The PHMSA Mega Rule Summary

The PHMSA Mega Rule summary involves expanding federal pipeline safety oversight to all onshore gas gathering pipelines, impacting around 425,000 miles of previously unregulated pipelines. This new rule introduces a category for regulated onshore gathering lines with higher pressure in rural areas, and requires operators to file incident reports, annual reports, and document their methodology for determining onshore gas gathering endpoints.

New Federal Regulations Add More Than 400,000 Miles of Gas Gathering Pipelines Under Federal Oversight

On November 15, 2021, the Pipeline and Hazardous Materials Safety Administration (PHMSA) announced that they issued a final rule that significantly expands Federal pipeline safety oversight to all onshore gas gathering pipelines which almost doubles the amount of federally regulated pipeline in the United States.

The rule, initiated over 10 years ago, expands the definition of a “regulated” gas gathering pipeline that is more than 50 years old. The rule establishes a new category of regulated onshore gathering lines covering higher-pressure lines that pose a heightened risk in rural areas and will for the first time:

  • Apply federal pipeline safety regulations to tens of thousands of miles of unregulated gas gathering pipelines
  • Require pipeline operators to report safety information for all gas gathering lines, representing more than 425,000 additional miles covered by Federal reporting requirements
  • Require all onshore gas gathering pipeline operators to begin filing incident reports and comprehensive annual reports

Gas gathering lines typically transport natural gas from production facilities to interstate gas transmission pipelines. Historically, gathering lines have been lower-pressure, lower risk, smaller-diameter lines, typically situated in lesser-populated rural areas. With the increase in hydraulic fracturing (“fracking”) over the last 15 years, the volume of gas extracted and transported through gathering lines has increased significantly. Gathering lines with diameters, operating pressures and associated risk factors similar to larger interstate transmission lines have become more common.

Renewable Natural Gas

Gas gathering lines typically transport natural gas from production facilities to interstate gas transmission pipelines. Historically, gathering lines have been lower-pressure, lower risk, smaller-diameter lines, typically situated in lesser-populated rural areas. With the increase in hydraulic fracturing (“fracking”) over the last 15 years, the volume of gas extracted and transported through gathering lines has increased significantly. Gathering lines with diameters, operating pressures and associated risk factors similar to larger interstate transmission lines have become more common.

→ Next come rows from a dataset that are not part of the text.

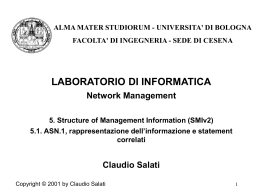 ASN.1 e Internet Management Framework (RFC 1902)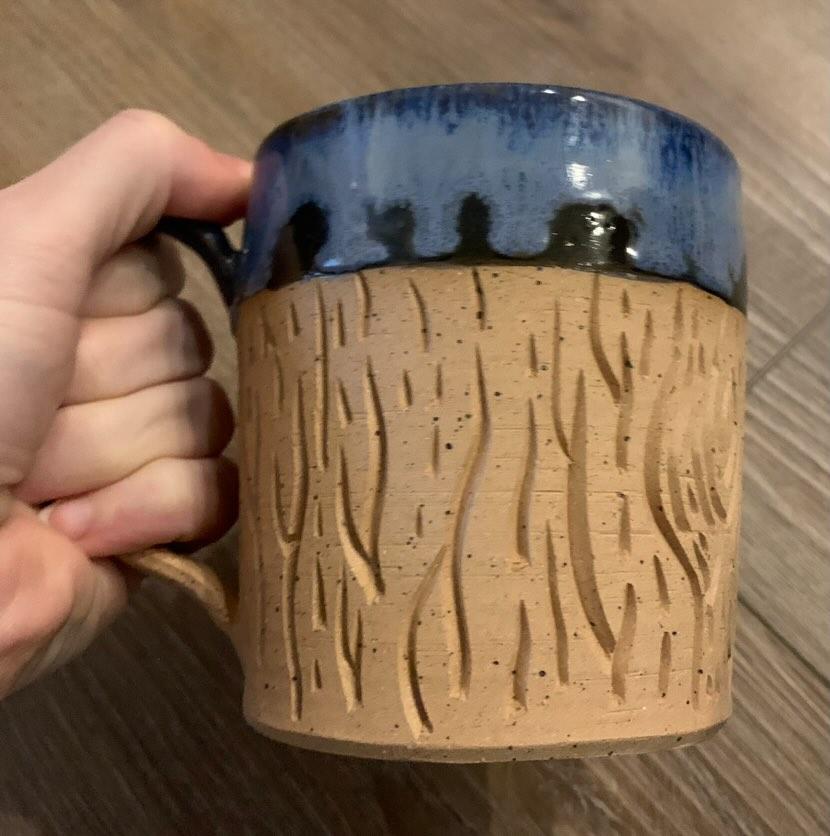 Firefly Firings Tree Bark Mug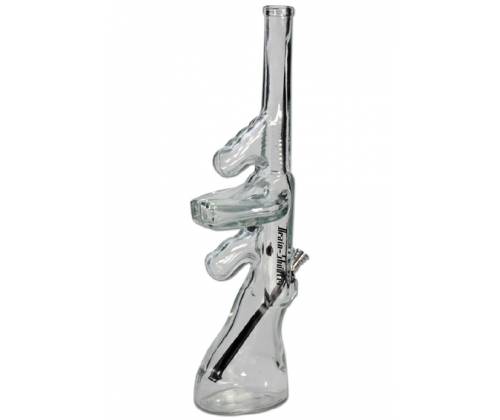 Γυάλινο Bong Πολυβόλο 46cm - «Πίπα της Ειρήνης» - Τιμή: 36,90€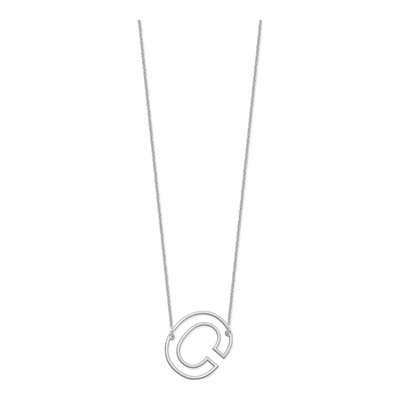 14K White Gold Sideways Initial C Necklace – view 2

Gas Gathering Final Rule Overview

PHMSA estimates that there are at least 425,000 miles of onshore gas gathering lines that have not been subject to PHMSA oversight but will be after this rule takes effect. The rule establishes a new category of regulated onshore gathering lines covering higher-pressure lines that pose a heightened risk in rural areas and applies existing pipeline safety requirements to tens of thousands of miles of these pipelines. The rule also requires all onshore gas gathering pipeline operators to begin filing incident reports and comprehensive annual reports.

Compliance Dates

  • Publication Date: November 15, 2021
  • Effective Date: May 16, 2022
  • Reporting:
    • Incident Reports: Report events occurring after May 16, 2022
    • Annual Reports: 2022 reports due March 2023
  • Identification (including start and end points) of Type C Lines: November 16, 2022
  • Section 192.9 Compliance: May 16, 2023
  • MAOP Lookback: 5-year period ending May 16, 2023

Operators must also comply with the requirement to document the methodology used in determining the beginning and endpoints of onshore gas gathering within 6 months of the effective date, and operators of Type C lines must comply with the applicable requirements in Part 192 within 12 months of the effective date. Operators may request an alternative to these 6- and 12-month compliance deadlines by providing PHMSA with a notification containing certain information at least 90 days in advance and receiving a no-objection letter or no response from PHMSA within 90 days.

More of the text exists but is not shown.